A growing body of literature has identified mental and physical health outcomes associated with residential exposure to greenspace, and the strength of associations have been shown to vary between cities, by levels of neighborhood deprivation, and by race. This may be in part because of the greenspace exposure measures applied in research: commonly the normalized difference vegetation index (NDVI), a remote-sensing measure of vegetation density and health. The type and maintenance status of greenspace varies within and between cities, but NDVI alone cannot distinguish between well-maintained gardens, tree canopy coverage, fields, or overgrown vegetation in abandoned lots. Because these distinctions are relevant to how residents experience and interpret the greenspace around them, public health research should adopt measures that quantify different types of greenspace to better understand residents’ actual exposure.
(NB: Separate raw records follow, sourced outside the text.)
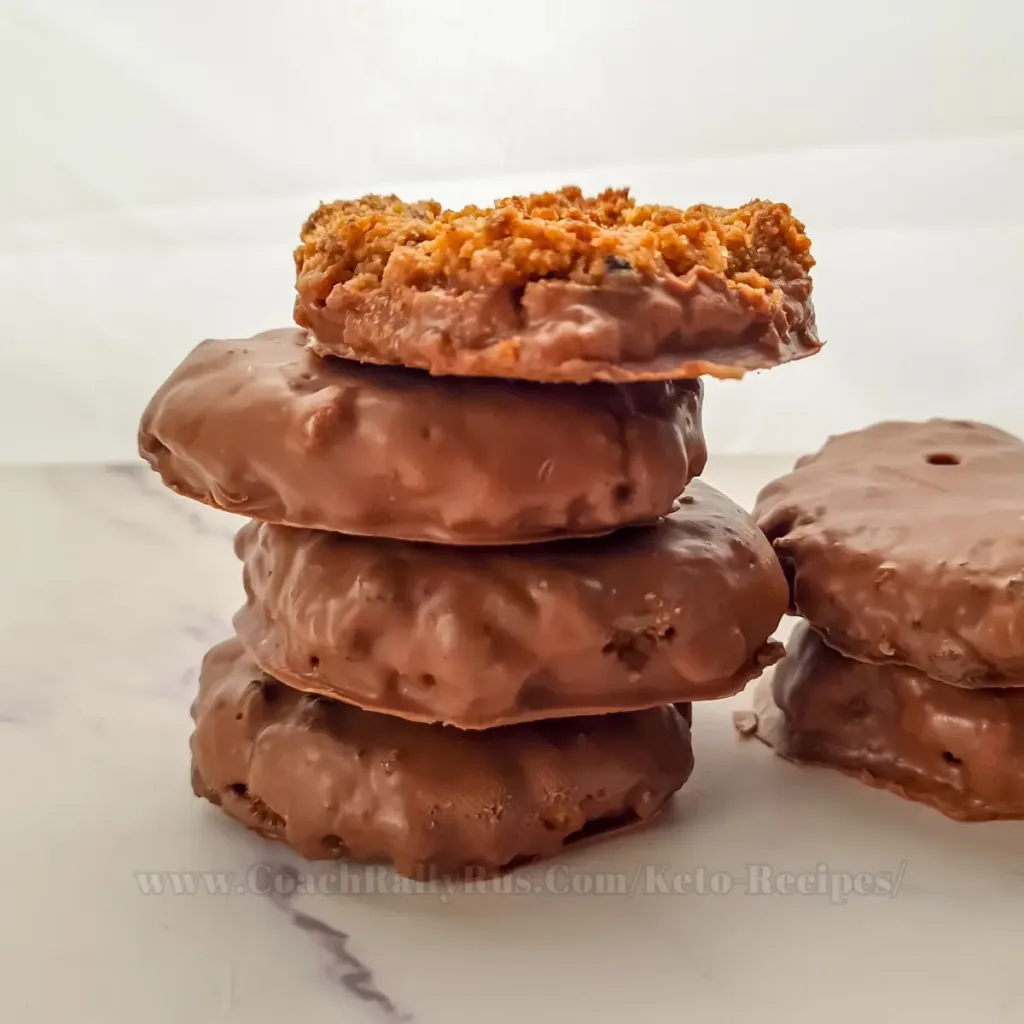 A stack of six keto salted caramel chocolate cookies on a white plate, with caramel sauce drizzled over them and chocolate chips sprinkled on top.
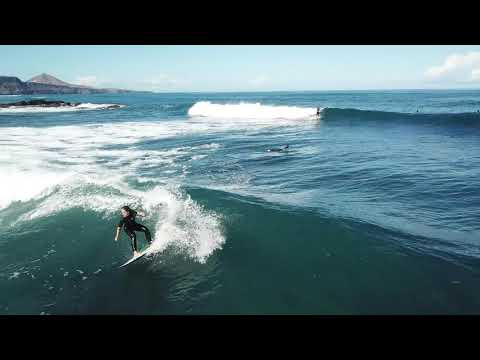 Drone view of solid waves and surfing at Quintanilla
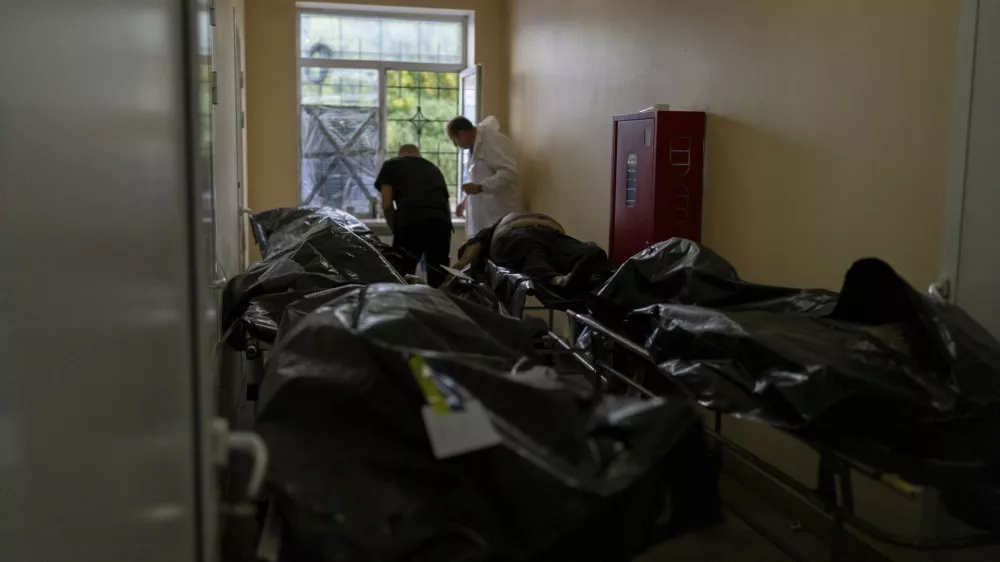Bodies of civilians killed in a Russian aerial attack on village of Yarova, are seen at a morgue in Donetsk region, Tuesday, Sept. 9, 2025. (AP Photo/Alex Babenko)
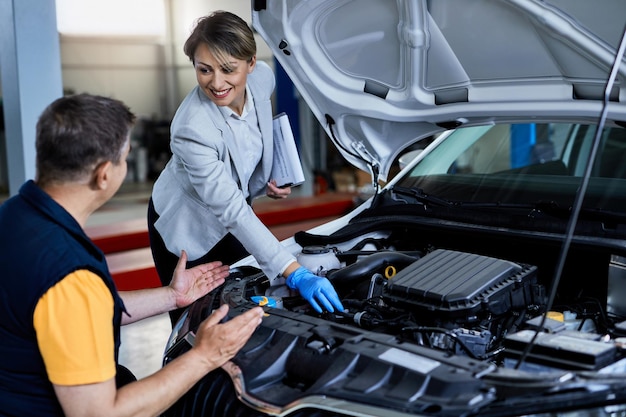 Foto gratuita mecánico de automóviles y empresaria cooperando mientras revisa bajo el capó del vehículo en un taller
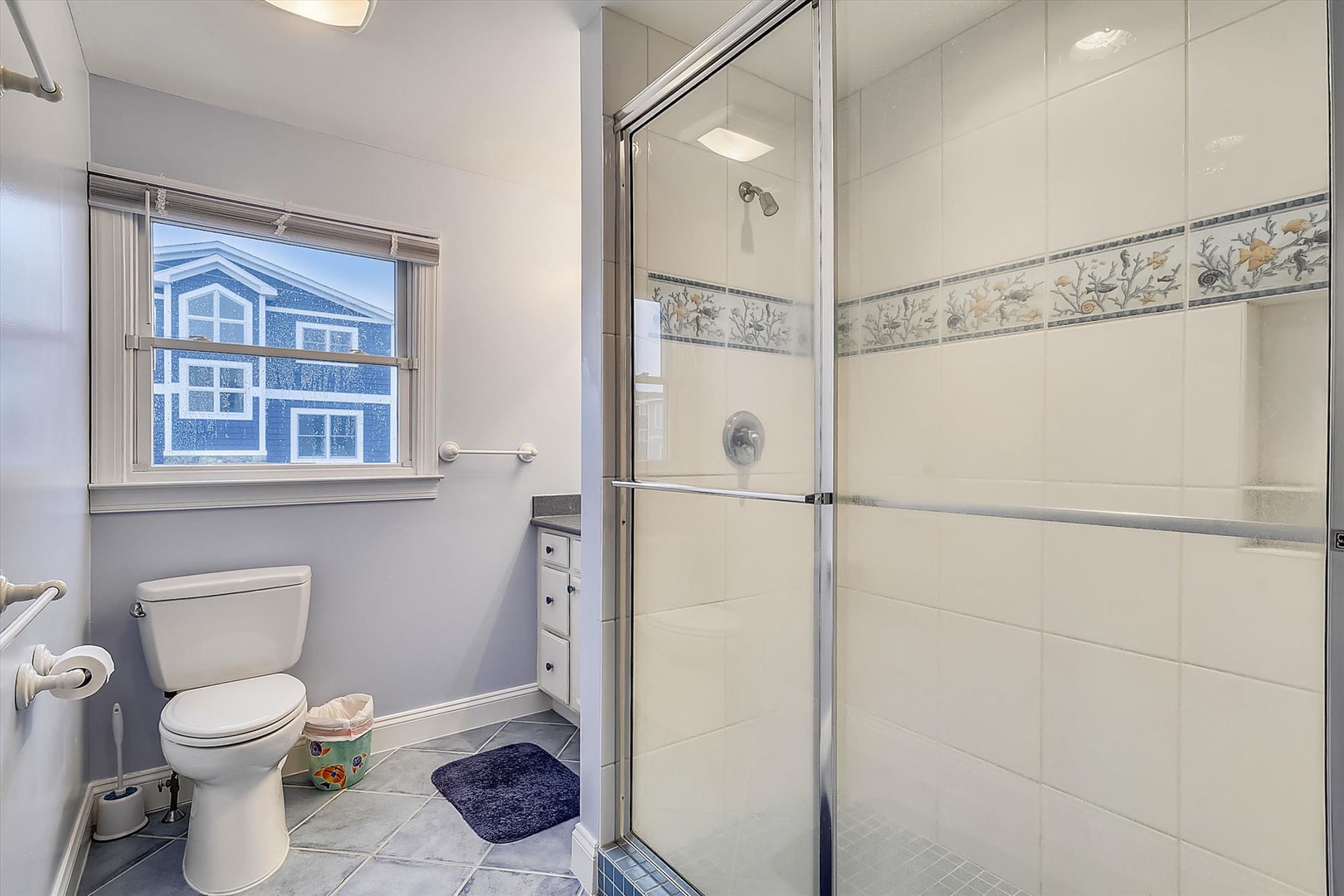 Fresh, clean bathroom with elegant tile accents and a spacious walk-in shower ready for your arrival.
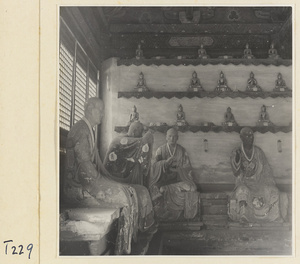 Interior of a temple building at Ling yan si showing statues of Luohans and figurines of Buddhas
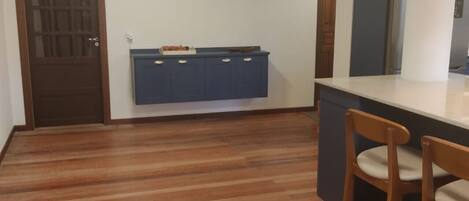 A kitchen with wooden flooring, a blue cabinet, and two wooden chairs.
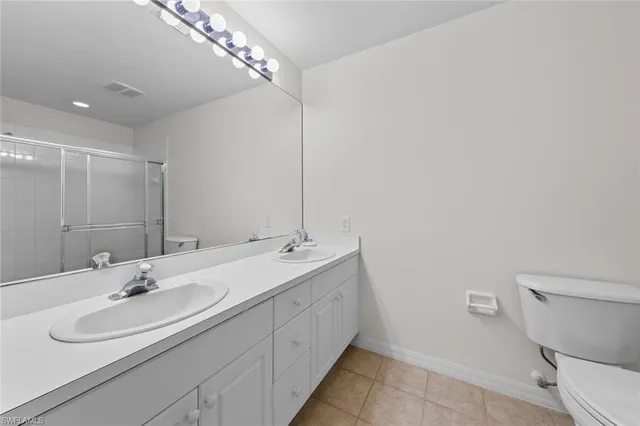 a bathroom with a sink double vanity and a toilet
We present a classification of neighborhood-level greenspace composition in Flint, Michigan. We assigned exposure areas to block groups as one-kilometer circular buffers around their population-weighted centroids, then measured the park area, tree canopy coverage, area covered by maintained and unmaintained vacant lots, and mean NDVI within these exposure areas. We used agglomerative hierarchical clustering to identify 3 neighborhood classifications based on these measures.  Most neighborhoods (Cluster 1, n=99) had approximately average values across all measures; 14 neighborhoods (Cluster 2) were characterized by high coverage by both maintained and unmaintained vacant lots and above-average NDVI; and 2 neighborhoods (Cluster 3) had high park area coverage, high tree canopy cover, and high NDVI.  Cluster 2 was associated with a higher concentration of Black residents, and Cluster 3 was associated with lower population density.  Better characterizing neighborhood-level greenspace exposures can improve research and lead to better policy recommendations.